The people of the forests possess amazing knowledge in using the plants, trees, and other forest resources. The tribes utilize their resources to sustain all aspects of their lives from eating to healing. For example, journalist Anne Hornaday got to experience some of methods used by the tries when she visted the Amazon. By striking a tree with his machete, Anne’s guide was able to predict the weather, “When many birds answer, that means rain is coming” (Hornaday 28). As the natives examined the trees of the forest, her guide expalined that the men check to see if fruit has been eaten off the trees.
They can determine which direction to continue their hunt simply by following the tracks of whichever animal ate the fruit. Native fisherman use the bark from hairari trees to drag the rivers and stun the fish they need to catch (28). Also, the native people have a natural sense of direction. The tribes chart vast distances of the pacific Ocean using only “… their knowledge of currents and the feel of intermittent waves that bounce off distance islands (Hornaday 29). Their methods may seem primitve, but the ways of the rain forest people have come to be respected and valued by scientists and onservationists.

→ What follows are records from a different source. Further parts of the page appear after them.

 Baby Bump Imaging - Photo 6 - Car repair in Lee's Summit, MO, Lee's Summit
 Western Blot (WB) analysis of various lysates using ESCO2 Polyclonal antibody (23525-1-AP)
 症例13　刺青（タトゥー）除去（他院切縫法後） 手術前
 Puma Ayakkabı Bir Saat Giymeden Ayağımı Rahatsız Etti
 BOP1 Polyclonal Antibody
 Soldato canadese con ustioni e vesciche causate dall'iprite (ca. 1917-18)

In addition, The farming methods of the people are excellent in preservation of the land and abudnant in production. They farm without irrigation and have developed an in-depth understanding of plant life (29). Furthermore, this knowledge of plants if not only used in cultivating, but also in one of the most fascinatign aspects of the tribes’ wisdom: their natural healing methods. Tribal healers, called shamans, are able to treat illnesses from colds to wounds. The treatments, such as using termites and poisonous plants to heal wounds, may seem exotic or nlikely, but are amazing in their results.

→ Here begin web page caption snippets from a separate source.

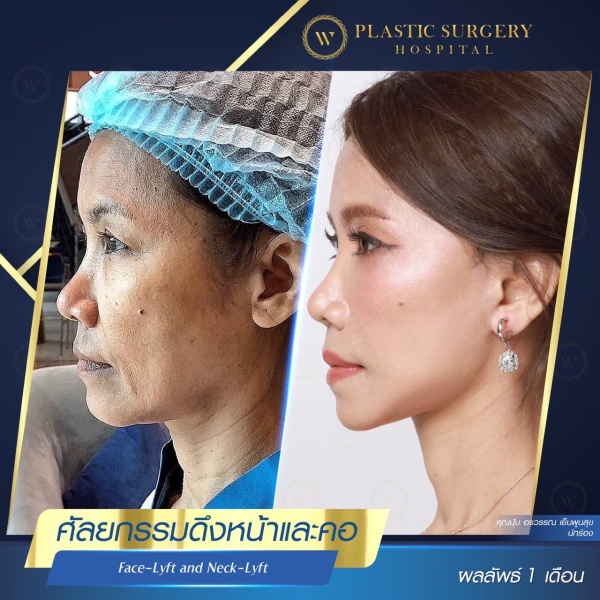 ดึงหน้า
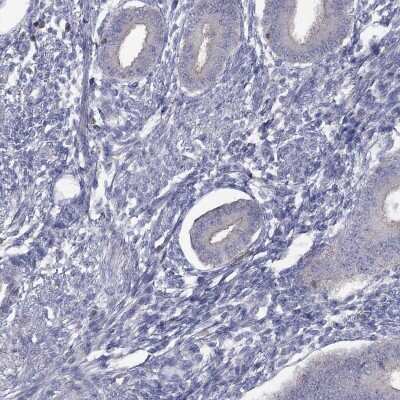 Immunohistochemistry-Paraffin: dedicator of cytokinesis 8 Antibody [NBP3-17049]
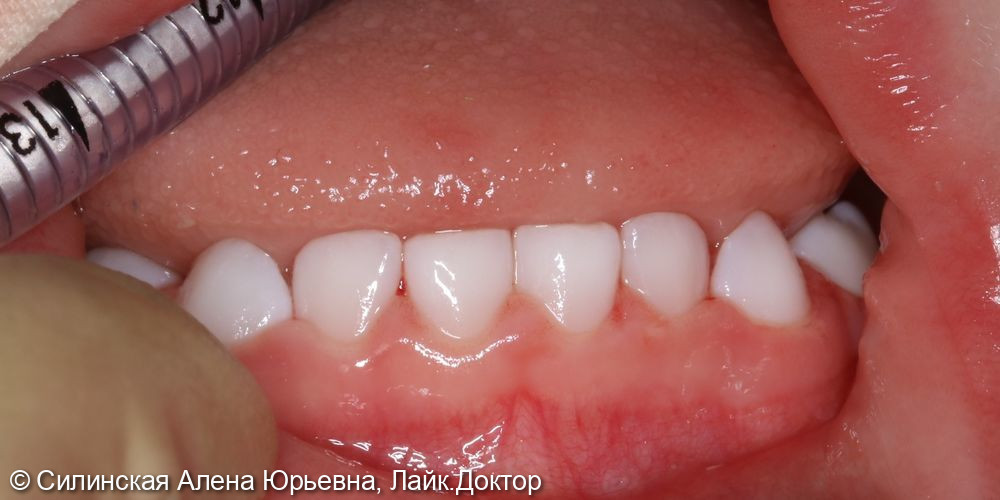 Лечение кариеса фото 8 · Вологда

Remarkably, medical proffesionals are turing to the healers in their reseach. The knowledge of the healers is regarded as a valueable research source to both medical researchers and doctors. Leading the way, reports Business Week, is a San Carlos, California-based company called Shaman Pharmaceuticals, Incorporated. This small, successful operation has developed a method researchers describe as “ethnobotany”, in which the company sends their scientists into the forests to meet with tribal healers about medicinal properties of plants.
The scientist show the shamans medical cases and photos to see how they would treat the problem. According to Business Week, this method bring about “… an initial hit about half the time, versus a miniscule fraction of that in random-screening programs [done by large-scale research companies]” (53). The article continues by saying that Shaman Pharmaceuticals’ program is also beneficial to the people of the forest. The company began foundation to help save the homes of the tribes that help them in their research by employing them to harvest the plants that the company uses (52).